Specifies that the file descriptor is a nonblocking I/O method:
1. Use o_nonblocking when calling Open
2. For a file descriptor that has already been opened, we can use FCNTL to set the O_nonblocing property

Record lock

Record locks, which can lock a section of a file

Fcntl function

int fcntl(intintstruct flock *flocptr);struct flock{    short/* F_RDLCK, F_WR_LCK, F_UNLCK */    short l_whence;    off_t l_start;    off_t l_len;    pid_t l_pid;};

Description:
You can use the FCNTL function to complete the record lock function:
CMD parameter:
F_GETLK,
F_SETLK,
F_setlkw
The third parameter is a pointer to the flock structure structure

L_type can only be:
F_rdlck: Shared read lock
F_WRLCK: Exclusive Write lock
F_unlck: Unlocking an area

The starting position of the specified area is determined by L_start and l_whence.
L_whence:seek_set, Seek_cur, Seek_end
L_start: Is the offset on the basis of l_whence
L_en: Is the length of the area to be locked

L_pid: The current process of acquiring a lock, setting this value when F_GETLK is set. So if our process wants to get a lock, then we can only be suspended if there are other processes that have been locked.
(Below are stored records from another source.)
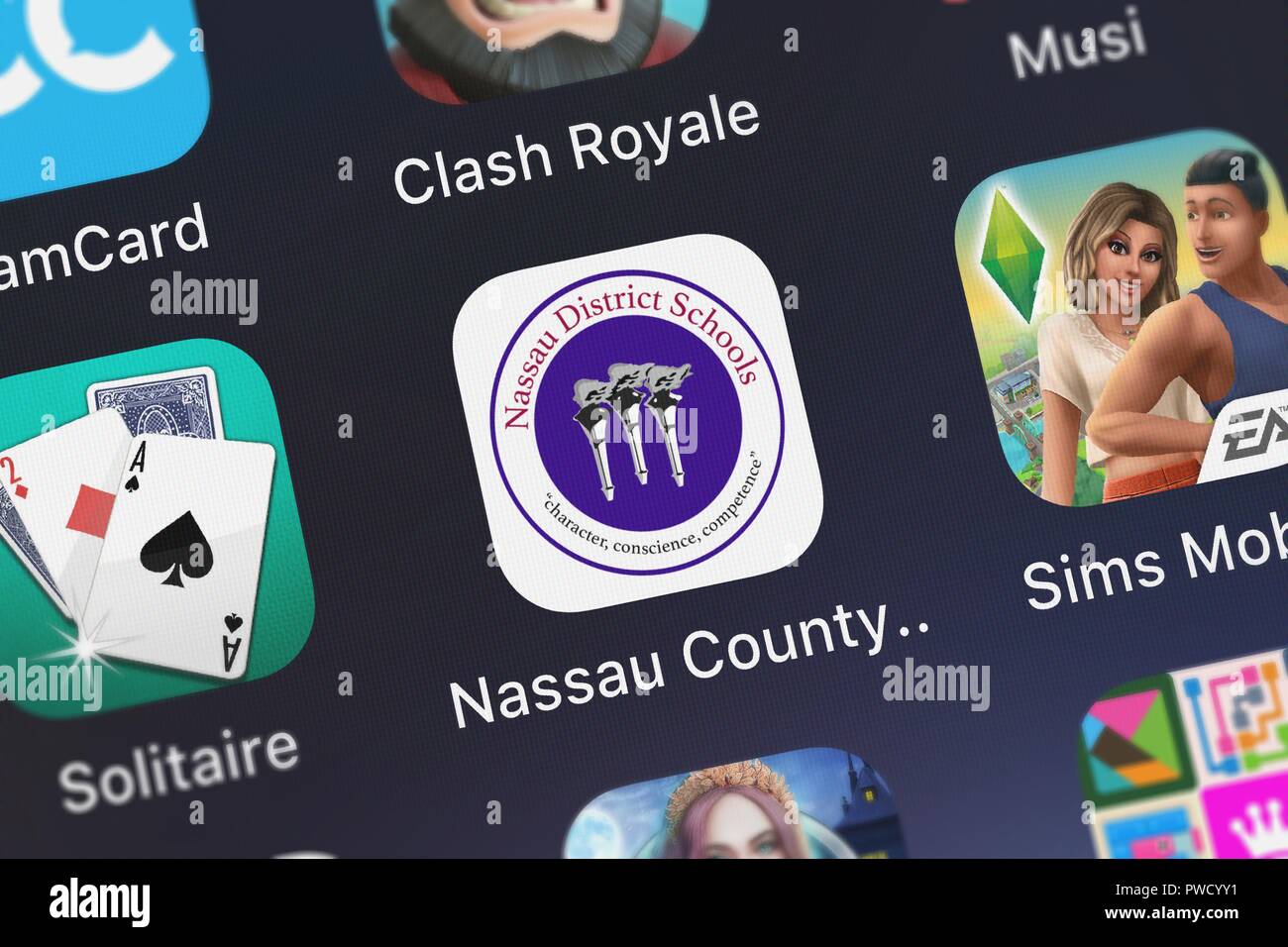 London, United Kingdom - October 15, 2018: Screenshot of the Nassau County School District mobile app from Blackboard Inc. icon on an iPhone. Stock Photo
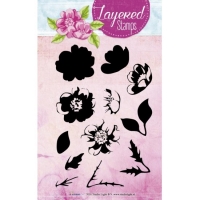 Billede: Studio Light Layered Stamps STAMPLS04, blomster til opbygning i farvenuancer, førpris kr. 60,00, nupris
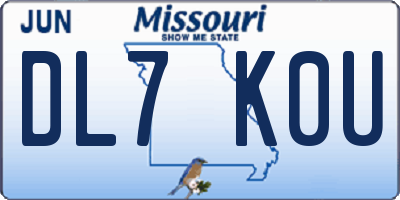 MO license plate DL7K0U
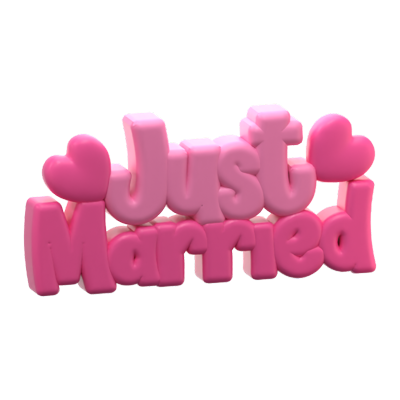 Just Married Balloon 3D Icon 3D Graphic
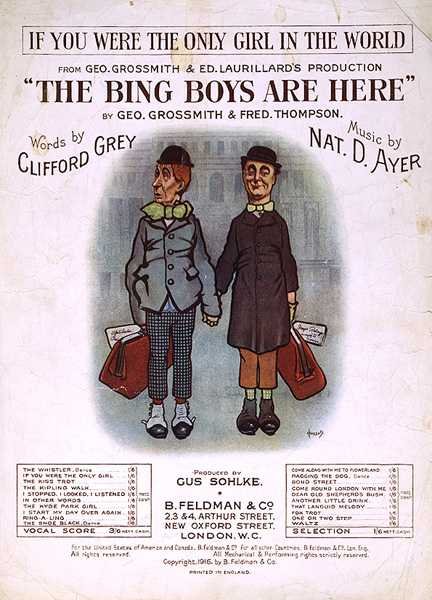 الغلاف الأمامي للنوتة الموسيقية لـ "The Bing Boys are Here" ، بقلم جيو غروسميث وفريد طومسون ، كلمات لكليفورد جراي ، موسيقى نات دي آير (لون ليثو) بواسطة مدرسة اللغة الإنجليزية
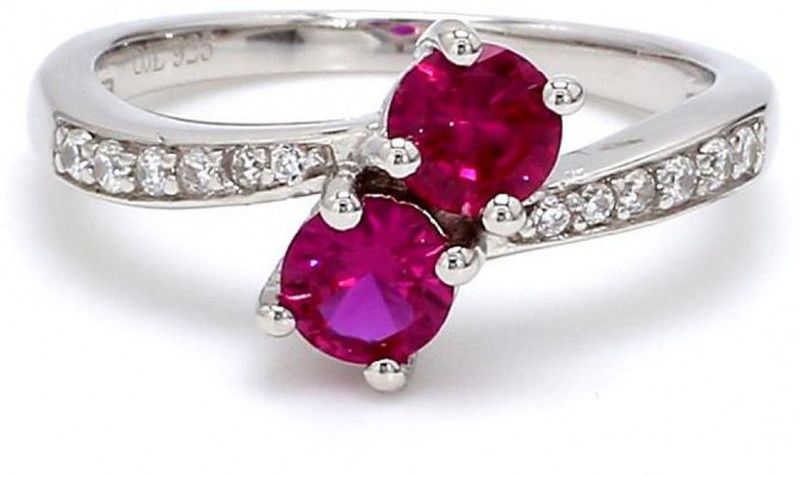 Sterling Silver Ruby Rhodium Plated Ring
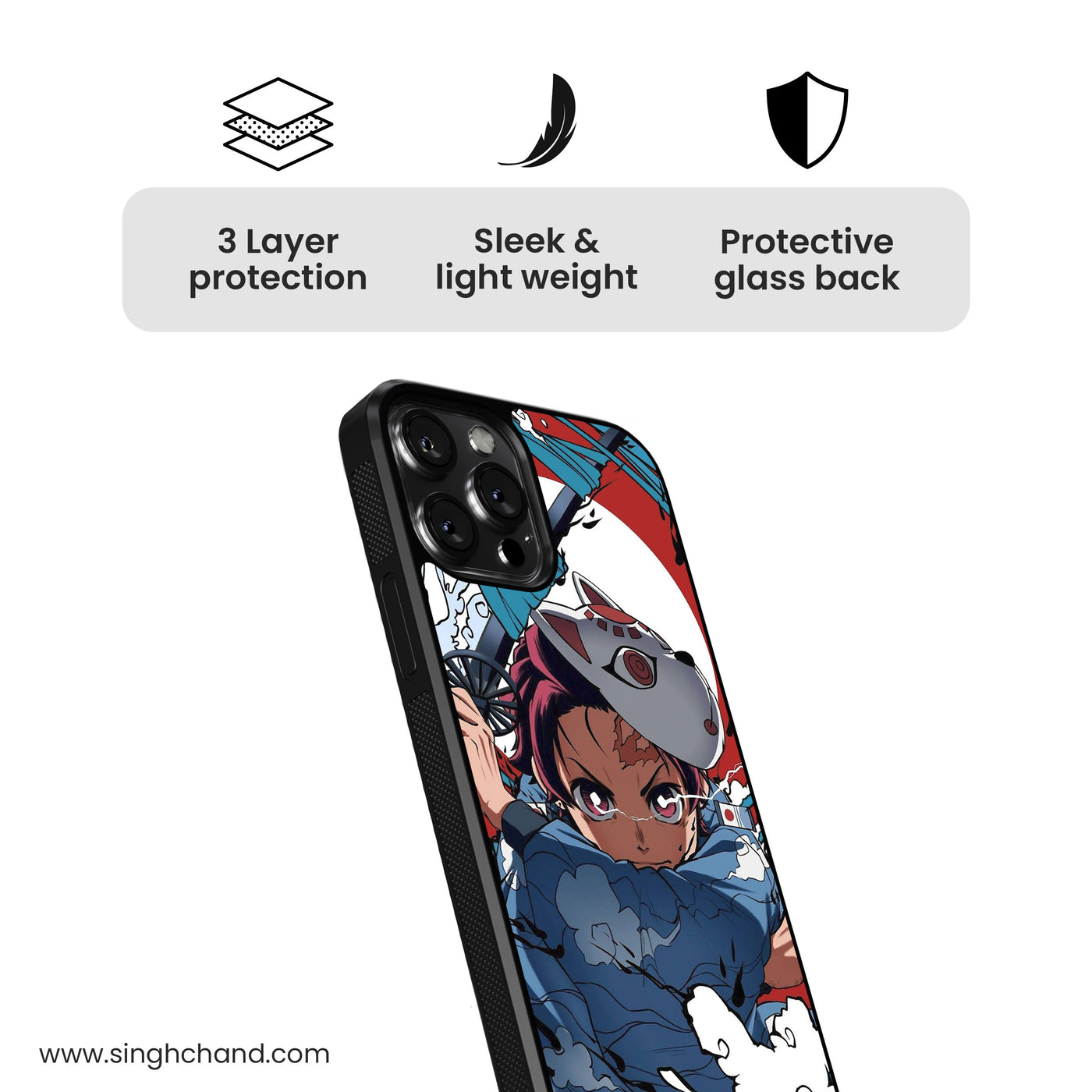 Tanjiro Water Breathing 1.0 Demon Slayer Anime Glass Phone Case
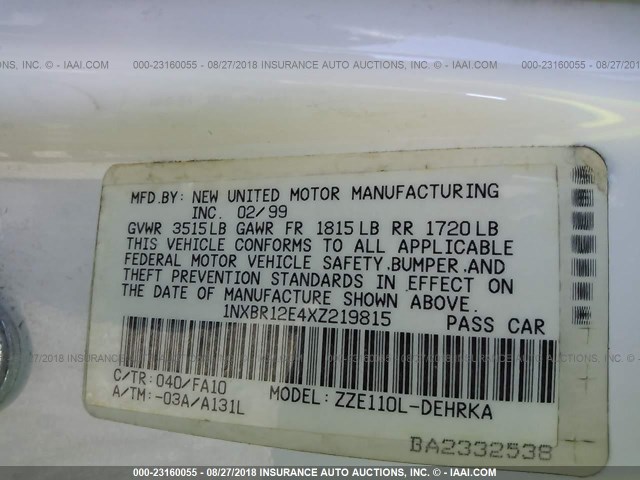 1NXBR12E4XZ219815 - 1999 TOYOTA COROLLA VE/CE/LE 白色 照片 9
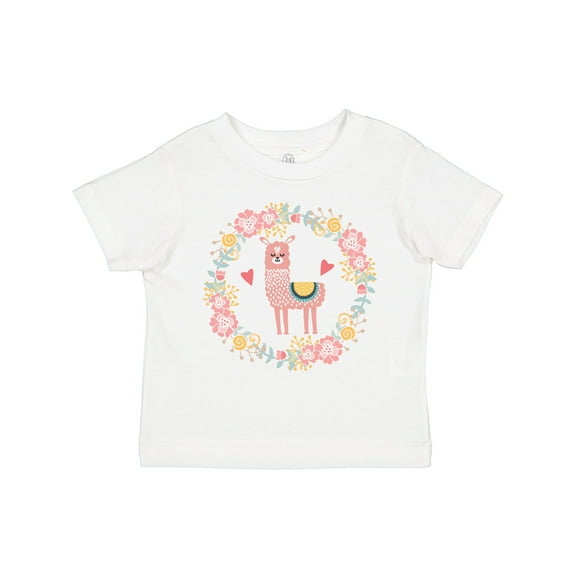 Inktastic Llama Rose Flower Wreath Girls Toddler T-Shirt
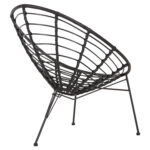 ΠΟΛΥΘΡΟΝΑ ΤΥΠΟΥ ΦΩΛΙΑ ΜΕΤΑΛΛΙΚΗ ALLEGRA LH10.5458.12 ΜΕ WICKER-ΜΑΥΡΟ 73x78x88Υεκ. - Image 5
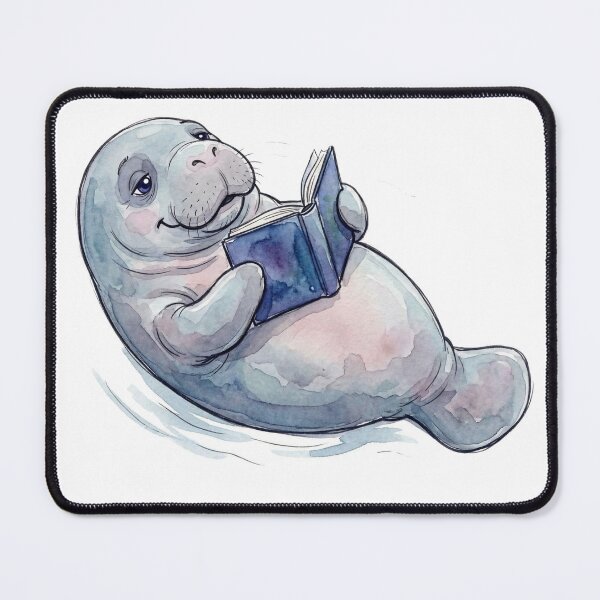 Item preview, Tranquillatee Reading Manatee Watercolor Art designed and sold by Tranquillatee.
Note the start position of the lock can be longer than the end of the file, but it can be no more than the file's start position.

Attention:

• The difference between a read lock and a write lock control area. Note that for a process it can only lock a region of a file, and it cannot lock multiple areas.
  And, to get a read lock, the file must be read-open, and if you want to get a write lock, then the file must be write-open.

• Record locks are related to processes and files, with 3 features:
  1. When a process is closed, its lock is also freed, and if a file descriptor is closed, all the locks on the file are freed.
  2. After the fork, the child process is not a lock that inherits the parent process
  3. After exec, the new program inherits the lock of the original program, but we can add close-on-exec in the flags of the file description.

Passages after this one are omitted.